The Principal Investigator of the ERC Project Unlikely Refuge? Michal Frankl has published his book entitled Občané země nikoho. Uprchlíci a pohyblivé hranice středovýchodní Evropy 1938-1939 (in Czech, Citizens of No Man’s Land. Refugees and Moving Borders of East Central Europe, 1938-1939).
At the end of the 1930s, groups of Jewish refugees, driven from their homes, lived in muddy fields by the roadside, on a rusty barge on the Danube or in half-decayed factory buildings. These people were stranded in the “no man’s land”, the territory between national borders.

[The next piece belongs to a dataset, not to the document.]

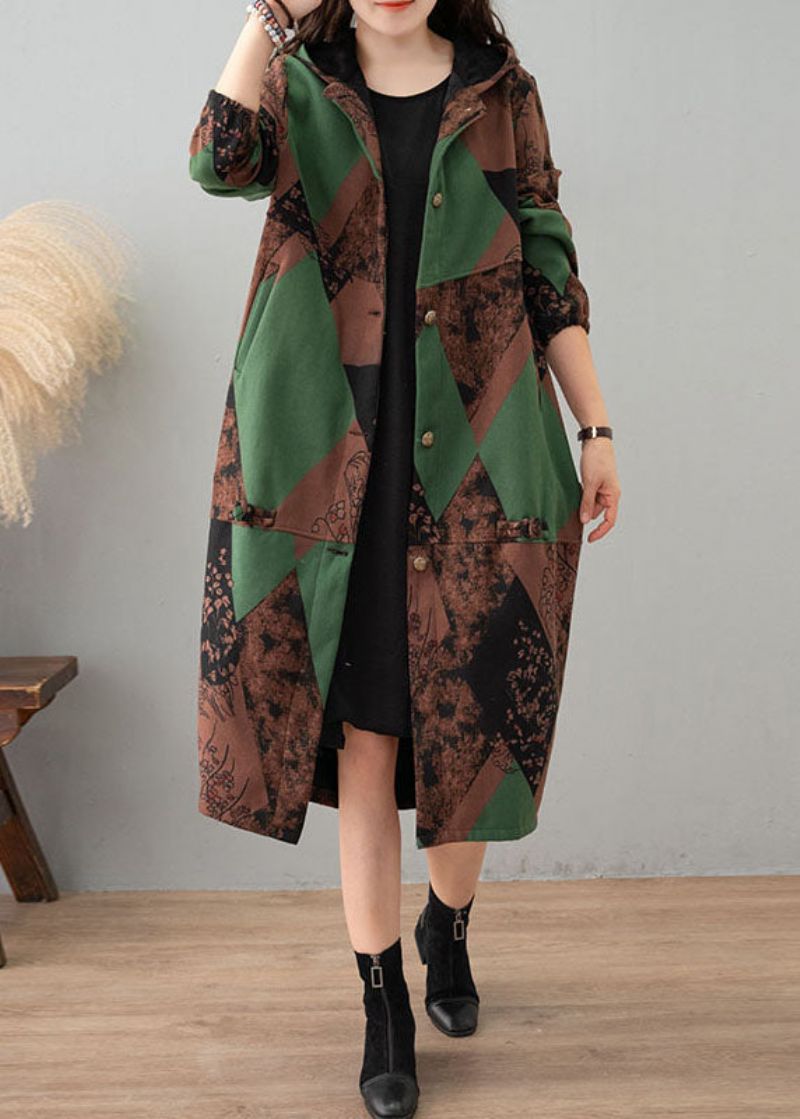 Dames Groene Print Capuchon Patchwork Dikke Katoenen Trenchcoat Winter - Dames trenchcoats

The book examines the emergence of a no-man’s land in Central Eastern Europe between the Anschluss of Austria in March 1938 and the beginning of the Second World War in September 1939. It provides a transnational account of the expulsion of people from Austria, Germany and Czechoslovakia, the policy of closed borders and its consequences.
No Man’s Land is being explored simultaneously with the mass deprivation of citizenship in Poland and Czechoslovakia, which particularly affected Jewish refugees who wanted to return to their own country. The expulsions from the territories of these states and the revocation of passports were closely linked and resulted in forced residence in a stateless area.
The book not only describes the horrific wandering and hopeless waiting of the displaced in no-man’s land, but also analyses the role of the state and humanitarian organisations in their plight. From isolated testimonies, it reconstructs the refugees’ experiences and possibilities for independent action, as well as the meanings attributed to No Man’s Land by contemporaries and later scholars.
While for the displaced, the forced stay in a space outside the state represented a terrifying experience of exclusion from society, for many others the existence of places and people outside the state remained unimaginable and incomprehensible.
Michal Frankl, Občané země nikoho: Uprchlíci a pohyblivé hranice středovýchodní Evropy 1938-1939 (Praha: NLN, 2023), 296 p.